The engine manufactures power charts rarely include ram because it changes from plane to plane with the design of the intake scoop and duct leading to the engine intake.

 

[tomo pauk]

In other words, the power graph for 1650-3, found at the book, actually includes ram effect, despite 'NO RAM' caption? Ditto for figures for COMBAT rating - all other figures are for no ram?

Fastmongrel, you're right

 

[Shortround6]

It could be.
Rolls-Royce heritage book says the 1650-3 was good for 1600hp/3000rpm/11800ft using 18 1/4lbs of boost (67in?) in low gear and 1330hp/3000rpm/23300ft in high gear with the same boost. These altitudes are about 2000ft lower than the critical altitudes for climb given in the Mustang test let alone the level speed altitudes.

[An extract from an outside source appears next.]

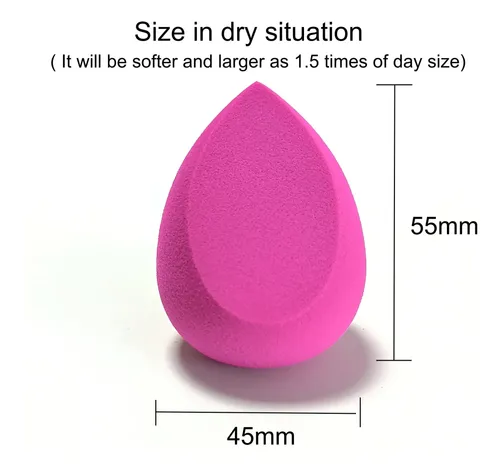 Esponja Beauty Blender Sin Látex 7 G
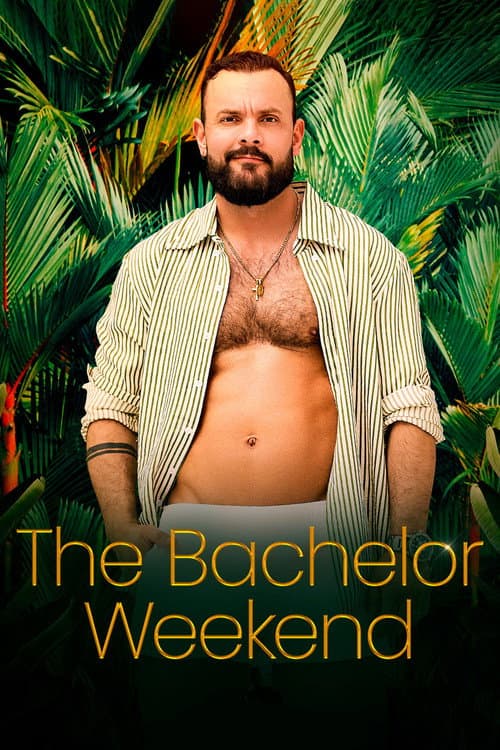 The Bachelor Weekend (2026) poster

I haven't found anything on the military rating yet.

 

[tomo pauk]

Quite the difference, 3800 ft lower there than at "US 100 thousands" for low blower, and 5700 for high blower.

 

[GregP]

I'm not sure what is being discussed here.

MIL rating is at mil RPM and MIL manifold pressure and is the maximum safe power level. WER is at the manifold pressure they determine to be the "Oh my God, I need to escape" level, and there is a wire across the throttle gate. You break it to go to WER and, in some setups, that also includes ADI. Takeoff is the maximum torque the rudder and ailerons can handle at low speeds.

Lo blower and hi blower are determined solely by altitude. Usually, the blower switches from lo to hi at 11,000 to 15,000 feet and switches back to low several thousand feet lower to prevent continuous switching around one altitude if you happen to be crusing there.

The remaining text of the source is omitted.